Deneen’s anatomy of early liberalism depends in many respects on the brilliant study of French political thinker Pierre Manent, who in An Intellectual History of Liberalism traces the theory back to the political turmoil in England during the seventeenth century and the controversy between Hobbes and Locke over the relationship between “civil society” and the “state of nature”.
The controversy is, of course, quite familiar to political philosophers as well as political scientists. Hobbes envisaged the state of nature as a “war of all against all” and posited the need for an all-powerful “sovereign” in the person of a Stuart monarch to establish “artificially” a regime of law and order. Locke, who in contrast advocated for curbing the powers of the Stuart monarchs in the overthrow of James II during the Glorious Revolution of 1689, developed a theory that literally turned Hobbes upside down.
Ironically, both Hobbes the absolutist and Locke the “republican” can both be considered “liberals”. Liberalism, therefore, in Manent’s eyes has little to do with the axiom of limited government so much as it consists in a durable hypothesis concerning those configurations of power within the natural order of things from which political arrangements spring.
Both Hobbes and Locke lay down as the bedrock precept of modern governance what C.B. Macpherson termed the “political theory of possessive individualism”. Such a theory rests on the supposition that human beings are first and foremost self-seeking as well as self-preserving creatures. The original state in which one individual “naturally” wars against another entails that there are only three features of human existence that genuinely matter in the conduct of our daily affairs. They are, as Locke put it, “life, liberty, and property”, which also should be construed as fundamental “rights”.
In such a schema the right to “life” is self-confirming. All sentient beings naturally aims to preserve and protect itself from the predations of other creatures. But if such a “right” is to have purchase, such beings must be allowed the “liberty” to do whatever is necessary to defend themselves. Finally, says Locke, the right of self-defense guarantees the right to “property”, which is vested in one’s own body and whatever else one can extract from nature through labor.

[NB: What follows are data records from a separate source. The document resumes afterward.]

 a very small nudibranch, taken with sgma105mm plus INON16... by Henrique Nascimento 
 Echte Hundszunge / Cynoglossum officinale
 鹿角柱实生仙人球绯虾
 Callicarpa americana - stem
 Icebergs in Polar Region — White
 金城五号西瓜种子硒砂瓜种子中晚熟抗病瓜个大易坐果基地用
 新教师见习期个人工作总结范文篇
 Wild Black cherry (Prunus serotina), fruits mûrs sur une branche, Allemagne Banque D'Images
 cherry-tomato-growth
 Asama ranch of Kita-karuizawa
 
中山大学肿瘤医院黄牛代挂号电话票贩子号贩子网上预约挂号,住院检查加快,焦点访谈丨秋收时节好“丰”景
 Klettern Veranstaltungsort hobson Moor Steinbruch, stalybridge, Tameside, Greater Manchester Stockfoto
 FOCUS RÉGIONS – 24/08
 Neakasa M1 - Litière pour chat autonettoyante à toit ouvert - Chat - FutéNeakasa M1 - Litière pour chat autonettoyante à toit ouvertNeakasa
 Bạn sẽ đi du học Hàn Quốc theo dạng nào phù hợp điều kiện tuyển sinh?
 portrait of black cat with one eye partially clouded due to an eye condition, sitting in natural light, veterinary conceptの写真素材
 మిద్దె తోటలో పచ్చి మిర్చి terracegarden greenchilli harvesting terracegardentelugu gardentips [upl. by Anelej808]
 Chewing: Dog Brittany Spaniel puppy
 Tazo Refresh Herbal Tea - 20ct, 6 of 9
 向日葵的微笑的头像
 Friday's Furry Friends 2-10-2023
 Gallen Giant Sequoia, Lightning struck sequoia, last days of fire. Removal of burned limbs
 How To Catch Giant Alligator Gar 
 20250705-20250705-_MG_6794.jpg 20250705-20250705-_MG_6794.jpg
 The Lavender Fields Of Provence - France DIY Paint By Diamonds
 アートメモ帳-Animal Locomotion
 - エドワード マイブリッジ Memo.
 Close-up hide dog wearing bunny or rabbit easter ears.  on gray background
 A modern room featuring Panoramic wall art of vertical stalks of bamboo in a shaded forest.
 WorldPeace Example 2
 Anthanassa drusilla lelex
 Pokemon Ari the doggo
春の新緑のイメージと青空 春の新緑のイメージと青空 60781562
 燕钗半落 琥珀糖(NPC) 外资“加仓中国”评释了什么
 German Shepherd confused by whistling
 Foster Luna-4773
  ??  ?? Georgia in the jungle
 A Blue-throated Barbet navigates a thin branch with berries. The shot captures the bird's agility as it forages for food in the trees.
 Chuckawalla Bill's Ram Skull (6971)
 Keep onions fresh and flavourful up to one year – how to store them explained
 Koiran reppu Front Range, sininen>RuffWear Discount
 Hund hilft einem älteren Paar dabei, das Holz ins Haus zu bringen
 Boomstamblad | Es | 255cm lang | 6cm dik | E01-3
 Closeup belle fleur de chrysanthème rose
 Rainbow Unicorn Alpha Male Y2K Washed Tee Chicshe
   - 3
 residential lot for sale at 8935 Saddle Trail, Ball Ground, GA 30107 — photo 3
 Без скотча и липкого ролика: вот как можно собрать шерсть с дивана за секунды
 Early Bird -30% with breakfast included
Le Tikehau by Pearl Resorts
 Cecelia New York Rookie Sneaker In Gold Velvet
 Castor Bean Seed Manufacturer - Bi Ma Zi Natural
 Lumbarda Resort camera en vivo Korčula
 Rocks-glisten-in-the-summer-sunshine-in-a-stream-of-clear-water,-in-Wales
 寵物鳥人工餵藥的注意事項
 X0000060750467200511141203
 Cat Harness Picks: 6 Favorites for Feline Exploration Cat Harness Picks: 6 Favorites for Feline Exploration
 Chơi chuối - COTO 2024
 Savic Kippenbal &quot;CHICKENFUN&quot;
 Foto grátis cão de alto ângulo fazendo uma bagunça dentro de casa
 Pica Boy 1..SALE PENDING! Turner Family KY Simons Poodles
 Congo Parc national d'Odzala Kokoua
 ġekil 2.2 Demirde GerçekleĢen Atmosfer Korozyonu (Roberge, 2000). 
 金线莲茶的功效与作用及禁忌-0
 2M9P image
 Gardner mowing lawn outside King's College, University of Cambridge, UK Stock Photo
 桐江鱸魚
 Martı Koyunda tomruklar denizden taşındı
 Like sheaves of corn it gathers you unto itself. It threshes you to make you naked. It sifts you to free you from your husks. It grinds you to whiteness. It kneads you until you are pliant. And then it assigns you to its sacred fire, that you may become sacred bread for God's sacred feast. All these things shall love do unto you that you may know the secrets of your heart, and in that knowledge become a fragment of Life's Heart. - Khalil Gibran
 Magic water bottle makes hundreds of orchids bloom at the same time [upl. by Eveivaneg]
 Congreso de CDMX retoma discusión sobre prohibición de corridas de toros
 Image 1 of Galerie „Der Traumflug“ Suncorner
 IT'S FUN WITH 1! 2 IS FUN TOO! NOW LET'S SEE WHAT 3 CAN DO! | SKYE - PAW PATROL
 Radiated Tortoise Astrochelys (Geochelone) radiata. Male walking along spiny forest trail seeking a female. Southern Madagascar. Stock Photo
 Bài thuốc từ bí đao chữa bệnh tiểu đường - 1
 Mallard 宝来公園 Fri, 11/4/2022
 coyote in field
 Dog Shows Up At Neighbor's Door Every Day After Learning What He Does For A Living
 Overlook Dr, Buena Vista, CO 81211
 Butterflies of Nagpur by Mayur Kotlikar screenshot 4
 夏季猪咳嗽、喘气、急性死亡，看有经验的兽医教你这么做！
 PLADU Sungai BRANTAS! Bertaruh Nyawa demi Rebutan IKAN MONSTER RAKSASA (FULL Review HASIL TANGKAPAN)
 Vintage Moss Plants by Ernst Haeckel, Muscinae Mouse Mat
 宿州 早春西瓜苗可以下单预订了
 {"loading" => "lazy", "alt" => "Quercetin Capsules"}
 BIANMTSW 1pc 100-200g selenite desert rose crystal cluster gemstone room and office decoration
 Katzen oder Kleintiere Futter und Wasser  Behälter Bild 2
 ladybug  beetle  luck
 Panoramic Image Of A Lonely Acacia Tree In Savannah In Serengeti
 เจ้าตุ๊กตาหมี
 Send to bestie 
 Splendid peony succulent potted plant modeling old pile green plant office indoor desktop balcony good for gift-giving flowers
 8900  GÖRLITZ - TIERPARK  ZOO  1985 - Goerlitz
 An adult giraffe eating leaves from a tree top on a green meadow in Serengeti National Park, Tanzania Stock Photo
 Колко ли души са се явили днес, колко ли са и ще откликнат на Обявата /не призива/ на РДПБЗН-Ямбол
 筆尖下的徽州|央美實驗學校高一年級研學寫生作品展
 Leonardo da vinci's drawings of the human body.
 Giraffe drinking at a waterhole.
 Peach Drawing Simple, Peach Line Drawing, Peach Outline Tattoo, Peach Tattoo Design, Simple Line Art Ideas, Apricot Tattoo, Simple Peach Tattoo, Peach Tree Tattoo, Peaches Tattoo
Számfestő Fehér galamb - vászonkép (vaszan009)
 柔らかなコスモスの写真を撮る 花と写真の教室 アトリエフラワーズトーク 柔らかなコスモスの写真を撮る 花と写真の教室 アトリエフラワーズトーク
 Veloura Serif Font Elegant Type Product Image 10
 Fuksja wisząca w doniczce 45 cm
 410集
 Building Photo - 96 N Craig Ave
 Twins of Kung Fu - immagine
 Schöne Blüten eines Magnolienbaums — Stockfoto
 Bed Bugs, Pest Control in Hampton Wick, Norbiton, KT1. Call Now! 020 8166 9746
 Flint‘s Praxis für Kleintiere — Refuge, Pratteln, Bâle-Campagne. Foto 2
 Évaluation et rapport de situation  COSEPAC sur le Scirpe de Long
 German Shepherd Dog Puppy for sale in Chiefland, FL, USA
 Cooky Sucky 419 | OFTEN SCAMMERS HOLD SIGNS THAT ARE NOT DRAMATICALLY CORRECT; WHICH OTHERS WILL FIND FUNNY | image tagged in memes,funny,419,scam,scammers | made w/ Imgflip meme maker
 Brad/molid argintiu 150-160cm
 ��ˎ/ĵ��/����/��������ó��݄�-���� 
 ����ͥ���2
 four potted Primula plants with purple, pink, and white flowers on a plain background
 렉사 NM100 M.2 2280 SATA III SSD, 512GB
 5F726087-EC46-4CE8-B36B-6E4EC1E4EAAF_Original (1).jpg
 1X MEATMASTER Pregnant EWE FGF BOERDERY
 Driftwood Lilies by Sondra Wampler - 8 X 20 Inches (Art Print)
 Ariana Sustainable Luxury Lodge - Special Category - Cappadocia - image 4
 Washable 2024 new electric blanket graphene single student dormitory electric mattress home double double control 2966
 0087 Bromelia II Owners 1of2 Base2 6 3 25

Governments, according to Locke, exist primarily for the protection of property. As Manent notes, ”the purpose of the political institution is to preserve property endangered by the inevitable disorders of the state of nature”.
So far as the conventional academic wisdom is concerned, Locke’s preoccupation with the right to own and use property in a productive manner gives rise to what is often considered the most extreme type of liberalism, which nowadays we know as “libertarianism”. But all the many varieties of liberalism, Manent insists, hold in common the baseline assumption that the human animal is neither a political nor even a “rational” animal a la Aristotle, as the whole of classical and Medieval political thought took for granted.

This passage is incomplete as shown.